[Collected data entries]
= = = = = = =

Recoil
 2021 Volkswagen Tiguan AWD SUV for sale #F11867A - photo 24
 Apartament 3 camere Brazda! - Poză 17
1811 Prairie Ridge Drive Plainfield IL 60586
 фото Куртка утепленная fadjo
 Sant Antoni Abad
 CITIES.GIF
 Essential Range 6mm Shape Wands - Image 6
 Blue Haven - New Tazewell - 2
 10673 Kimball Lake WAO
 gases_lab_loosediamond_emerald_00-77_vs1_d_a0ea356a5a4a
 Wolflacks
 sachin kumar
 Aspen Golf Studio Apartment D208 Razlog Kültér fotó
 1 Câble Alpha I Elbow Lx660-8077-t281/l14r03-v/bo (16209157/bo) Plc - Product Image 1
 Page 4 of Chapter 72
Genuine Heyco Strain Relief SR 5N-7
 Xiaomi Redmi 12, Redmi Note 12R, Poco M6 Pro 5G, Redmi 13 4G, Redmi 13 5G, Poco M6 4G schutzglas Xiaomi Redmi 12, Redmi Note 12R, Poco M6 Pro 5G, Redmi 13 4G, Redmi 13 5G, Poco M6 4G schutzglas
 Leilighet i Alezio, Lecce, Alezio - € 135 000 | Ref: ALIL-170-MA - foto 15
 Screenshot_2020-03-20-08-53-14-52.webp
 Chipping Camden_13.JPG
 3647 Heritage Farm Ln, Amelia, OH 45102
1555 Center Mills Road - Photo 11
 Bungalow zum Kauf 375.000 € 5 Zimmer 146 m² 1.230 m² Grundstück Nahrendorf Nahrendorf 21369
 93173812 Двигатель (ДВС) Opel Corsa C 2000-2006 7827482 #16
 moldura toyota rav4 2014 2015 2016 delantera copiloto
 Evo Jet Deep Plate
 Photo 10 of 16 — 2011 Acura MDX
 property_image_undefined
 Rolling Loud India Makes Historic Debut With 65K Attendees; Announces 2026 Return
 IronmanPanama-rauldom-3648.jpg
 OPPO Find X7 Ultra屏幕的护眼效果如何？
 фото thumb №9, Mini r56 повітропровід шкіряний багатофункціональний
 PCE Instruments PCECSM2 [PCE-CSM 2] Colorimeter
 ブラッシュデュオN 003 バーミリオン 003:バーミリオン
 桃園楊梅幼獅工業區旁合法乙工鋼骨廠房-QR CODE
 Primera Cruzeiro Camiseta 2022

= = = = = = =

- EXERCISE DESCRIPTION: Would you copy out exactly the lines above that start at the one containing "10673 Kimball Lake WAO" and end at the one containing "Page 4 of Chapter 72", inclusive?

- RESPONSE:
 10673 Kimball Lake WAO
 gases_lab_loosediamond_emerald_00-77_vs1_d_a0ea356a5a4a
 Wolflacks
 sachin kumar
 Aspen Golf Studio Apartment D208 Razlog Kültér fotó
 1 Câble Alpha I Elbow Lx660-8077-t281/l14r03-v/bo (16209157/bo) Plc - Product Image 1
 Page 4 of Chapter 72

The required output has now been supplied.